ABOUT THIS TASK :: Start at the line with "Roseville, California Blanca" in the records below, stop at the line with "Cerebral venous hemorrhagic", and return every line in that span exactly, the two end lines included.

Items from a dataset

▬▬▬▬▬▬

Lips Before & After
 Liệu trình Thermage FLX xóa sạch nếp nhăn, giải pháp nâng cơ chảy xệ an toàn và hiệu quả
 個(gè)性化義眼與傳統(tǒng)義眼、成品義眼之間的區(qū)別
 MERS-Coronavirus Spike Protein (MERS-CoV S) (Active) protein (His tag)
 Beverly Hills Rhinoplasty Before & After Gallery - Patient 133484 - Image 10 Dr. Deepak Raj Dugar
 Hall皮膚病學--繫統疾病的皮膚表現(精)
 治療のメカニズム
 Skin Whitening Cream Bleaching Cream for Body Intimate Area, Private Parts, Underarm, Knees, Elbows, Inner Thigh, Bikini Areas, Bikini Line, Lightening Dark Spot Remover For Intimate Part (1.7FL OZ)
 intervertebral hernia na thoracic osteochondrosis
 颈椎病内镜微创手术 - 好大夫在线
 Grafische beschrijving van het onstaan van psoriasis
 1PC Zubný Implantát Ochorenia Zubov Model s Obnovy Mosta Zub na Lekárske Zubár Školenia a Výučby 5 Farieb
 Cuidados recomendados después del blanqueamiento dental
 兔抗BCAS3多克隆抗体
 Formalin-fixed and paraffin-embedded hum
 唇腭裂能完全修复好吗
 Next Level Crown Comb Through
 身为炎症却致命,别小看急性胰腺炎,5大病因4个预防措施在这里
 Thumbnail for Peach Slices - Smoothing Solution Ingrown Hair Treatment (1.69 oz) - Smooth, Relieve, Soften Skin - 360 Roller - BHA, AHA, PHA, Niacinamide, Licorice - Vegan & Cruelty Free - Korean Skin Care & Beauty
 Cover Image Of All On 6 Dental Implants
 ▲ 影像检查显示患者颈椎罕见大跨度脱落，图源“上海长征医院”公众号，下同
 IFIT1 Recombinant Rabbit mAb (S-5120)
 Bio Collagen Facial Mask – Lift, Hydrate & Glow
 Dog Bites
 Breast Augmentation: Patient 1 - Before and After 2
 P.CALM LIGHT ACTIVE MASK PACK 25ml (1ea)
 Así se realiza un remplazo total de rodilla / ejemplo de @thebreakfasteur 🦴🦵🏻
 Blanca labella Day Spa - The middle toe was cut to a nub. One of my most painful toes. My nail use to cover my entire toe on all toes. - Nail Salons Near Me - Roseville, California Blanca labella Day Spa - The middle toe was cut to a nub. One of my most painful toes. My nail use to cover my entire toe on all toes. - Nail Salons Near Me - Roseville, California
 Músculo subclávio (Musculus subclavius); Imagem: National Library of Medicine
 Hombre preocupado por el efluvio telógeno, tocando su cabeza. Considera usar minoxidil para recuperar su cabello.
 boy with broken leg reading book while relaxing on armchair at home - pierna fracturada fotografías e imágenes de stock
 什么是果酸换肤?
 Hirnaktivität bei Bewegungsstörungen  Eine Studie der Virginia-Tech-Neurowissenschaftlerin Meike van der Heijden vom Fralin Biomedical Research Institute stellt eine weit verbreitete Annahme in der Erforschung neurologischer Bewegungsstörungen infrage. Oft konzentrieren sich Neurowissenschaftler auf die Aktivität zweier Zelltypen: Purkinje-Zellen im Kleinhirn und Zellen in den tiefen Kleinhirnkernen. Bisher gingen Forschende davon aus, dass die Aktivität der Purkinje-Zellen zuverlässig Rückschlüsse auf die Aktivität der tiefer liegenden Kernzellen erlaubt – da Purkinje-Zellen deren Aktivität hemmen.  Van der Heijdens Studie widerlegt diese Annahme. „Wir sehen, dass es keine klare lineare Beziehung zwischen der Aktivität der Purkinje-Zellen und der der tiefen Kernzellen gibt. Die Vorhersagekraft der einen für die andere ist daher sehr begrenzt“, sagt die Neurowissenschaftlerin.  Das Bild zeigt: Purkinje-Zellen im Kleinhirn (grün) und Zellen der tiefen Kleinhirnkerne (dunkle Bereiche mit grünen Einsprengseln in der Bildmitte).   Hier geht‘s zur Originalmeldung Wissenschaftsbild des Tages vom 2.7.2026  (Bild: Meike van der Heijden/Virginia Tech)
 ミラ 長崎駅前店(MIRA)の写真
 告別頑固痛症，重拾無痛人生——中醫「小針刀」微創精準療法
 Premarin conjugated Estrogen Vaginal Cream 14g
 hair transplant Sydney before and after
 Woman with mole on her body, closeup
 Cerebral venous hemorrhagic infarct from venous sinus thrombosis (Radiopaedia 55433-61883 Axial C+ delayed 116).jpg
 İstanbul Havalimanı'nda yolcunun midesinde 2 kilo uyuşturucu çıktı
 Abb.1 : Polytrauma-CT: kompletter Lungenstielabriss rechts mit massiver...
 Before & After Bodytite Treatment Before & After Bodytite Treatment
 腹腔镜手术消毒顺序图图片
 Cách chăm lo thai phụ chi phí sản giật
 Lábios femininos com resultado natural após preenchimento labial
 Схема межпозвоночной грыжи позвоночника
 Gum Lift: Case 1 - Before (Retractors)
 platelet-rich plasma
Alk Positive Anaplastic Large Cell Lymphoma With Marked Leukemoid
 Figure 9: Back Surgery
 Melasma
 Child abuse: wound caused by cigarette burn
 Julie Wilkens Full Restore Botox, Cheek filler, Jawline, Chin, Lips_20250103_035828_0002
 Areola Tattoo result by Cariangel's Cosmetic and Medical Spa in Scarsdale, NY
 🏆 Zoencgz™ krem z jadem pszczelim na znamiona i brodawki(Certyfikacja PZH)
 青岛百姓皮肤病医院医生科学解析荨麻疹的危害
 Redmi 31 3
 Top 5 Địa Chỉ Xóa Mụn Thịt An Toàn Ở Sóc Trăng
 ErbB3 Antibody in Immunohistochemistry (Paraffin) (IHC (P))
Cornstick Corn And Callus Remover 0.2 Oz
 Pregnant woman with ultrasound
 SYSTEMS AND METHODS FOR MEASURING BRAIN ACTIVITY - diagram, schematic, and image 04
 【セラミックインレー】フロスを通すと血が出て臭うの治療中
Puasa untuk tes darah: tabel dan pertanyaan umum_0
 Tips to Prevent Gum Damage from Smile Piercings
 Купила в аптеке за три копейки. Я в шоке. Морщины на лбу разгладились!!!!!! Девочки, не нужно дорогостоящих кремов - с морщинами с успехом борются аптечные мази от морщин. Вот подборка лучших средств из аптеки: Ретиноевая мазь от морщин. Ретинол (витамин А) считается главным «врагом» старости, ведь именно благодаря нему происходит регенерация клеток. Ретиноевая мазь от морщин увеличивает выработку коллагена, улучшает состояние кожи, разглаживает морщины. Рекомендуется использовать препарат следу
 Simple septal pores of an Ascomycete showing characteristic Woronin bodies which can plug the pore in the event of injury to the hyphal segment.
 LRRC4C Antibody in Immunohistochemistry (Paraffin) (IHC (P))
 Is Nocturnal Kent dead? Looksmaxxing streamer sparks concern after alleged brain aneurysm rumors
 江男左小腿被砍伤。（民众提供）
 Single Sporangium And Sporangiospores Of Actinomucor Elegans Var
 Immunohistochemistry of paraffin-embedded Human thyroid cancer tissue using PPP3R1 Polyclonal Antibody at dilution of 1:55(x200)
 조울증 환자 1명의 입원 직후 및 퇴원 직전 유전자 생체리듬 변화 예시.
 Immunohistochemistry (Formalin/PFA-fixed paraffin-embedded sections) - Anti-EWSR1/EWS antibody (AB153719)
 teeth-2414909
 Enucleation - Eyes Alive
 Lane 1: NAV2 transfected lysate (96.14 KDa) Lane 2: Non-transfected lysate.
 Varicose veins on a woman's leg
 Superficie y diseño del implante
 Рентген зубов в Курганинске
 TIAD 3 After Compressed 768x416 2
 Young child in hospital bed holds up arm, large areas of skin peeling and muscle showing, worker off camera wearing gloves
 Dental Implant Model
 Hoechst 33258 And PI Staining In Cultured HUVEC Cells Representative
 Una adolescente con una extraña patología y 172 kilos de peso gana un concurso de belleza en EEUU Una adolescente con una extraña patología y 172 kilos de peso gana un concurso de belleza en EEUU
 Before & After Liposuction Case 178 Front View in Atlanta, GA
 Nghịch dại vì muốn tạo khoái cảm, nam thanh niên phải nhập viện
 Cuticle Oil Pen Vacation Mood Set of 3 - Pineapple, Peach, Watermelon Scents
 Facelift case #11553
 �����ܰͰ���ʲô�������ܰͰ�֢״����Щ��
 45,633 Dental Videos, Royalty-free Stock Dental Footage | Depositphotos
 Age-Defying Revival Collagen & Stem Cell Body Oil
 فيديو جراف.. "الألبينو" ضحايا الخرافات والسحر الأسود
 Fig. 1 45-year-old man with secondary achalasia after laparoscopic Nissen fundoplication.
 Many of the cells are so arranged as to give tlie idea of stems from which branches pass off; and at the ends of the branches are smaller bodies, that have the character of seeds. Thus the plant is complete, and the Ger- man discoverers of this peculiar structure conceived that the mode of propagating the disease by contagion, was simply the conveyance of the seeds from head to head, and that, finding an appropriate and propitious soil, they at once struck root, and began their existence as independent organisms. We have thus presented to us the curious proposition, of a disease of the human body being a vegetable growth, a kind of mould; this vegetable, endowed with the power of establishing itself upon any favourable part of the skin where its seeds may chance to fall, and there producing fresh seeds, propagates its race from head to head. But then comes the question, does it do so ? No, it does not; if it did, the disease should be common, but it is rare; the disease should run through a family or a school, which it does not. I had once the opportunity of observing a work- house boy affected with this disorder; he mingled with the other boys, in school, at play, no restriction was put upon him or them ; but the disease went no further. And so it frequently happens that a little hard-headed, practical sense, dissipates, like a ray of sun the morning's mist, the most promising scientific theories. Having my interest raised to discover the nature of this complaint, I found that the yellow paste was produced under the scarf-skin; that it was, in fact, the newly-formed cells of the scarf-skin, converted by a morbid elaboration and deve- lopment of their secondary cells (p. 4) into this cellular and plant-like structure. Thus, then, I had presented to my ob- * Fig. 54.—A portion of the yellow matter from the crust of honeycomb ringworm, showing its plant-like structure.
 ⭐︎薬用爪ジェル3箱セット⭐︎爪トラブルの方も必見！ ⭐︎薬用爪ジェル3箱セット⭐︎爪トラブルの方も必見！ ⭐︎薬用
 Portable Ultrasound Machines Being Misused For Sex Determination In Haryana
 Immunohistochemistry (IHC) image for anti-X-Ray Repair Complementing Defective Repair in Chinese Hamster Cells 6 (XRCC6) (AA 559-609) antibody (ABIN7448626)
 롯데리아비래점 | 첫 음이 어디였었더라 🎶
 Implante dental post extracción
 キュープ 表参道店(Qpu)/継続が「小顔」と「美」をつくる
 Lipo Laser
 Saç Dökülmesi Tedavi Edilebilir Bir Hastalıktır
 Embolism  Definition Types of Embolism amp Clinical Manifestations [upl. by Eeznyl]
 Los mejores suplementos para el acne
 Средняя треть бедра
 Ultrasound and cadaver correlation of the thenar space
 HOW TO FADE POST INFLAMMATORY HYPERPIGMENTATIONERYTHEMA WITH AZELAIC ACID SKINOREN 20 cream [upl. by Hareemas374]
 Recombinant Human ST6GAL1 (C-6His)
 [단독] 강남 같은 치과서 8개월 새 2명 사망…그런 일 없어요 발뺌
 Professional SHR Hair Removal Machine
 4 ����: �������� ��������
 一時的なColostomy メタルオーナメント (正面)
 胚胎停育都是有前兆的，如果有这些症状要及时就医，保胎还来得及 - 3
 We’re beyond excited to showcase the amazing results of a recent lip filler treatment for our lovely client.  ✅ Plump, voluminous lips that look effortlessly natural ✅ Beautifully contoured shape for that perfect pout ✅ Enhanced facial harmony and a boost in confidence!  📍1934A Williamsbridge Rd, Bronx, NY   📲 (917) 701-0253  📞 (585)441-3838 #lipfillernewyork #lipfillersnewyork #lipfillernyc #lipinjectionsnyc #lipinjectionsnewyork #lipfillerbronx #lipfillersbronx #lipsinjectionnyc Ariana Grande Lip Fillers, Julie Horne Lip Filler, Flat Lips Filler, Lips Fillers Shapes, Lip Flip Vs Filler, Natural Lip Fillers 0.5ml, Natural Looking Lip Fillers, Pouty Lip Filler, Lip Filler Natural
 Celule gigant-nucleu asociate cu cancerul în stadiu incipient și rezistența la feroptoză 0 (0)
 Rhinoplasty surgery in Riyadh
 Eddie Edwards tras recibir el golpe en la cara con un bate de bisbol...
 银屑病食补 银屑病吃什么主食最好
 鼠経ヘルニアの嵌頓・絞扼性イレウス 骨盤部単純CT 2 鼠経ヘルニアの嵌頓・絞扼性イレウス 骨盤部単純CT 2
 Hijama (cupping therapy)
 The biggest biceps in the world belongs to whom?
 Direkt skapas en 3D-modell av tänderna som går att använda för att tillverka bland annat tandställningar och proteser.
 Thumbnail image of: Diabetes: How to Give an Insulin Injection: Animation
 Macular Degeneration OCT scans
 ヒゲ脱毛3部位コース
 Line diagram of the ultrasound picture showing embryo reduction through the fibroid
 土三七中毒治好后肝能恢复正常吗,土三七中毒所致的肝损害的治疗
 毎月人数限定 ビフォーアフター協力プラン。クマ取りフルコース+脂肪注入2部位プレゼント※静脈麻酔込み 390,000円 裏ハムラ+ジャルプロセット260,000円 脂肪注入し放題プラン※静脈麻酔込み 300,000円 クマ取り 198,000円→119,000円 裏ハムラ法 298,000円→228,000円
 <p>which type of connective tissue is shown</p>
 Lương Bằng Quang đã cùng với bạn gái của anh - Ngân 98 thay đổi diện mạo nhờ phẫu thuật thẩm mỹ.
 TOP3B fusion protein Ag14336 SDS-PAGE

▬▬▬▬▬▬

RESULT BELOW ::
 Blanca labella Day Spa - The middle toe was cut to a nub. One of my most painful toes. My nail use to cover my entire toe on all toes. - Nail Salons Near Me - Roseville, California Blanca labella Day Spa - The middle toe was cut to a nub. One of my most painful toes. My nail use to cover my entire toe on all toes. - Nail Salons Near Me - Roseville, California
 Músculo subclávio (Musculus subclavius); Imagem: National Library of Medicine
 Hombre preocupado por el efluvio telógeno, tocando su cabeza. Considera usar minoxidil para recuperar su cabello.
 boy with broken leg reading book while relaxing on armchair at home - pierna fracturada fotografías e imágenes de stock
 什么是果酸换肤?
 Hirnaktivität bei Bewegungsstörungen  Eine Studie der Virginia-Tech-Neurowissenschaftlerin Meike van der Heijden vom Fralin Biomedical Research Institute stellt eine weit verbreitete Annahme in der Erforschung neurologischer Bewegungsstörungen infrage. Oft konzentrieren sich Neurowissenschaftler auf die Aktivität zweier Zelltypen: Purkinje-Zellen im Kleinhirn und Zellen in den tiefen Kleinhirnkernen. Bisher gingen Forschende davon aus, dass die Aktivität der Purkinje-Zellen zuverlässig Rückschlüsse auf die Aktivität der tiefer liegenden Kernzellen erlaubt – da Purkinje-Zellen deren Aktivität hemmen.  Van der Heijdens Studie widerlegt diese Annahme. „Wir sehen, dass es keine klare lineare Beziehung zwischen der Aktivität der Purkinje-Zellen und der der tiefen Kernzellen gibt. Die Vorhersagekraft der einen für die andere ist daher sehr begrenzt“, sagt die Neurowissenschaftlerin.  Das Bild zeigt: Purkinje-Zellen im Kleinhirn (grün) und Zellen der tiefen Kleinhirnkerne (dunkle Bereiche mit grünen Einsprengseln in der Bildmitte).   Hier geht‘s zur Originalmeldung Wissenschaftsbild des Tages vom 2.7.2026  (Bild: Meike van der Heijden/Virginia Tech)
 ミラ 長崎駅前店(MIRA)の写真
 告別頑固痛症，重拾無痛人生——中醫「小針刀」微創精準療法
 Premarin conjugated Estrogen Vaginal Cream 14g
 hair transplant Sydney before and after
 Woman with mole on her body, closeup
 Cerebral venous hemorrhagic infarct from venous sinus thrombosis (Radiopaedia 55433-61883 Axial C+ delayed 116).jpg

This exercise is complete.